Por via de consequência, a operação de um dumping regulatório instaurou, para os mais despossuídos, um estado de exceção permanente, posto que o avanço das diferentes frentes de despossessão provocou uma superposição entre a divisão social e espacial dos riscos ambientais, que tem por consequência a concentração das condições de vulnerabilidade sobre grupos sociais situados nas periferias internas às economias periféricas. A partir das reformas neoliberais, passou a operar, portanto, não apenas uma competição internacional baseada em baixos salários, mas também aquela movida pelos baixos custos decorrentes de regulações ambientais flexibilizadas e restringidas no interior dos espaços nacionais dos países periféricos.

A divisão internacional ecológica do trabalho, própria à era neoliberal, conjuga, ao mesmo tempo, complementariedade ecológica – pela especialização das economias periféricas em atividades poluentes e degradantes – e competitividade normativa – pelo papel do dumping socioecológico que acompanha a tendência à diferenciação das arquiteturas institucionais de regulação de salários e normas ambientais entre economias centrais e periféricas.
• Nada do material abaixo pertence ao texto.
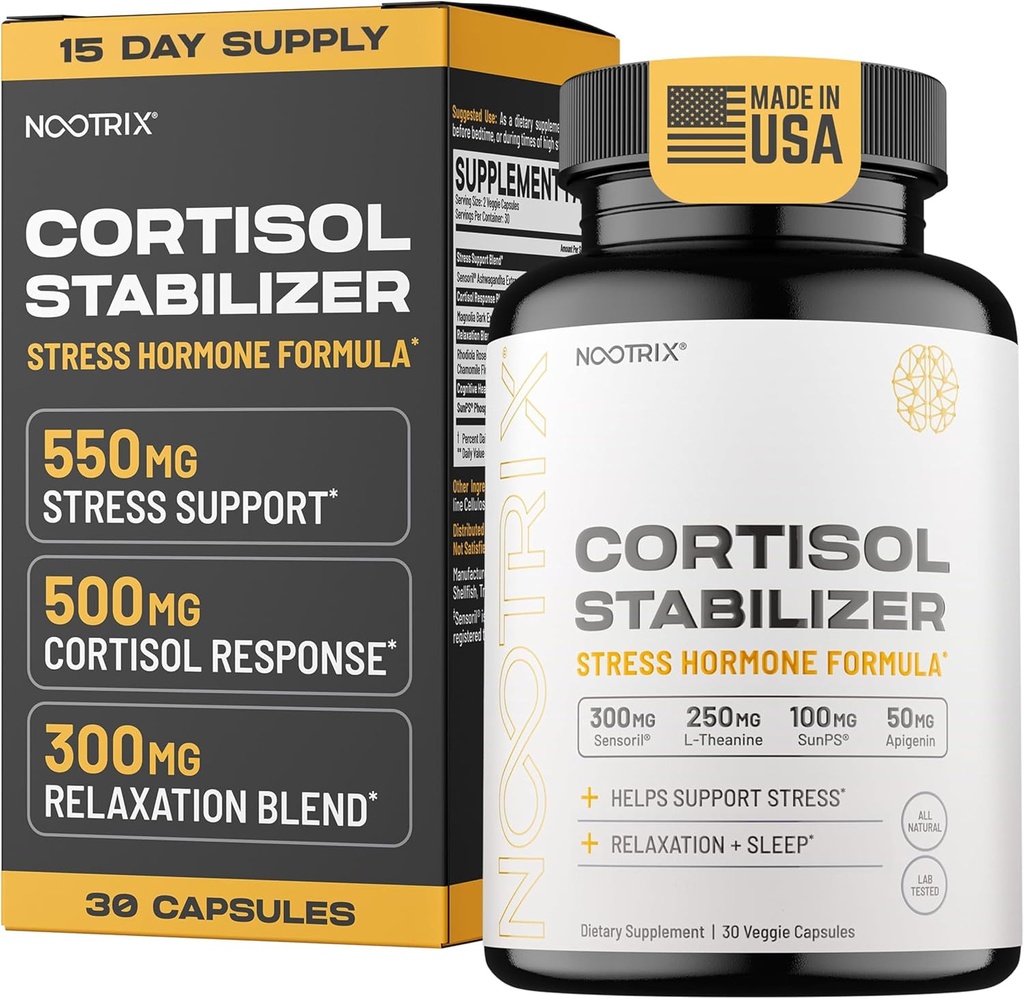 Nootrix Cortisol Manager & Stabilizer Supplement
Tal divergência tendencial entre os quadros normativos reflete, assim, a vigência de uma coordenação internacional informal entre compromissos institucionais nacionalmente diferenciados que culmina por aprofundar a desigualdade ambiental no plano internacional.

Um estudo de impacto encomendado pela Comissão Europeia cifrou a responsabilidade da União Europeia no desmatamento no mundo, mostrando que os países europeus são responsáveis por mais de um terço do desmatamento ligado ao comércio internacional de produtos agrícolas no mundo[v]. E a grande responsável designada é a soja, oleaginosa que representa 60 % das importações europeias com risco de desmatamento, seguida do óleo de palma (12 %) e do cacau (8 %).
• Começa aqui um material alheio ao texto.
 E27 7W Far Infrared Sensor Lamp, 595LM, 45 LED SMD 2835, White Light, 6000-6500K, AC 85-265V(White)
Ao nomear a articulação entre reprimarização da economia e rentismo, Leda Paulani refere-se a uma dupla subordinação – econômica e financeira – ao capitalismo mundializado[vi]. Se levarmos em consideração também a submissão ecológica, poderíamos dizer, ser esta tripla. Pois, se como escreveu Marx, a produção material é “um mal necessário” ao processo de produção de dinheiro[vii], a degradação ambiental é, por sua vez, “um mal necessário” à produção material do capital. E se, como sustentou Engels, “a burguesia só tem uma solução para a poluição – movê-la para outro lugar”, as periferias da economia-mundo foram designadas para, com o apoio das forças políticas da grande propriedade rural e minerária, ocupar esse lugar.